Nous avons reçu de M. le pasteur Babut de Nîmes, la réponse suivante :
Monsieur
Vous m’avez fait l’honneur de me demander
mon opinion sur les projets de loi relatifs à la séparation
des Églises et de l’État, en tant qu’ils intéressent
les Églises protestantes.
Les idées que j’aurais à exprimer
sur ce sujet ont été développées avec beaucoup
de force et de logique dans vos colonnes mêmes, par le professeur
Raoul
Allien et par « un Pasteur ».
Je ne pourrai que répéter une
partie de ce qu’ils ont si bien dit. Cependant, les questions dont il s’agit
sont si graves et nous touchent si visiblement, que je ne puis me renfermer
dans une abstention qui ressemblerait à de l’indifférence.

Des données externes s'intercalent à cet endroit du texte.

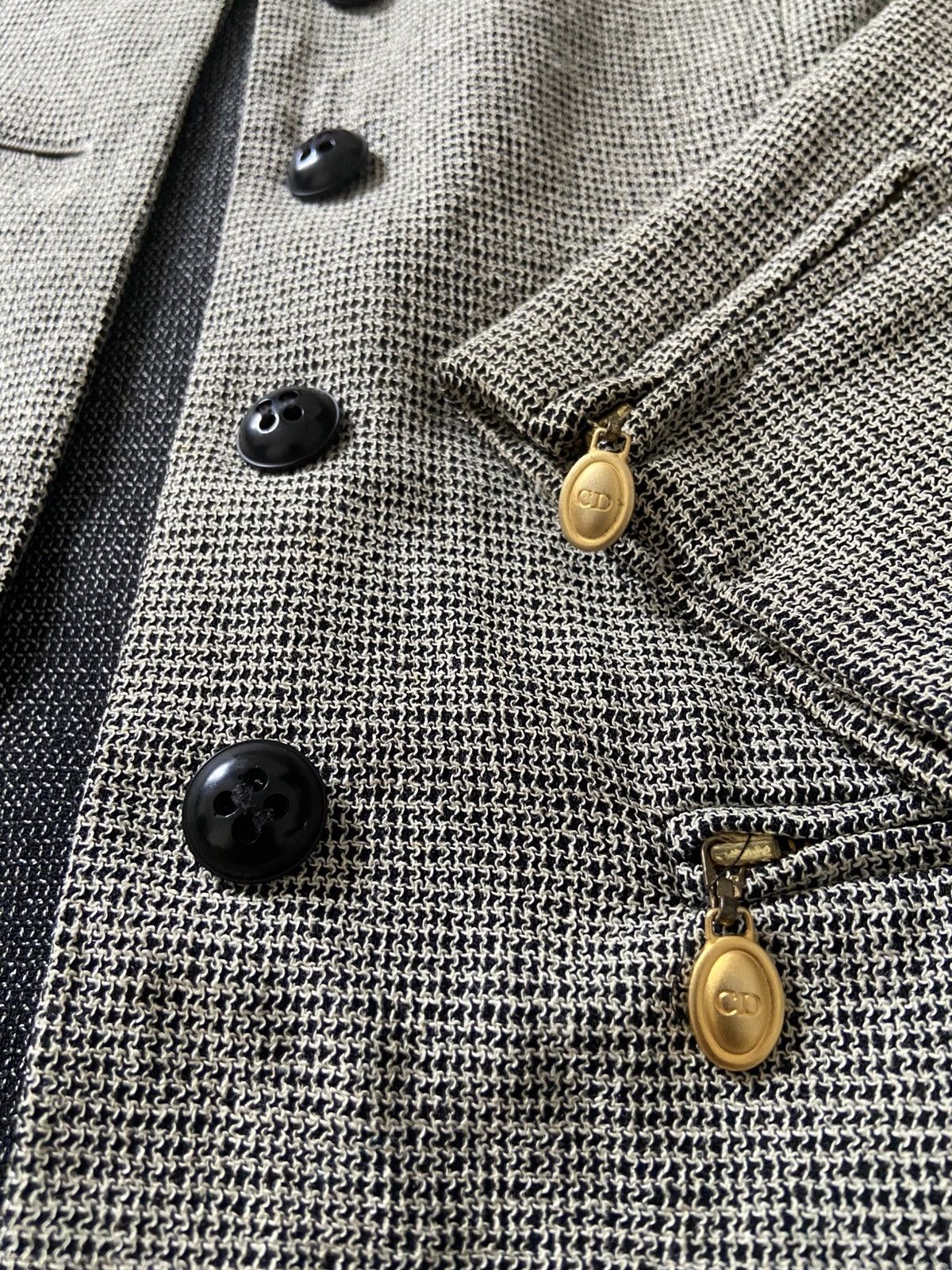 Dior Christian Dior Coat Jacket Size US M / EU 48-50 / 2 - 5 Thumbnail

Vous ferez de ces lignes l’usage qu’il vous
plaira. J’aborde l’une après l’autre les questions que vous m’avez
fait l’honneur de me poser.
I. - De la séparation en soi
Je suis loin d’y être
opposé en principe. Membre de Synode officiel de 1872, j’ai eu l’honneur,
avec feu M. Pernessin, de déposer, sur le bureau de cette assemblée
le premier des vœux en faveur de la séparation.
Il y en eu plusieurs, et le principe fut voté par le Synode.
Au point de vue général et social,
je pense qu’en un temps où la foi religieuse est de plus en plus
un fait individuel et de moins en moins un fait héréditaire,
le régime de la séparation est plus conforme au véritable
état des esprits. Au point de vue religieux, je ne puis que m’approprier
le mot de Pascal : « Bel état de l’Église, quand elle
n’est soutenue que de Dieu ! »
II. Droits et libertés qui doivent être garantis aux Églises, aux nôtres en particulier.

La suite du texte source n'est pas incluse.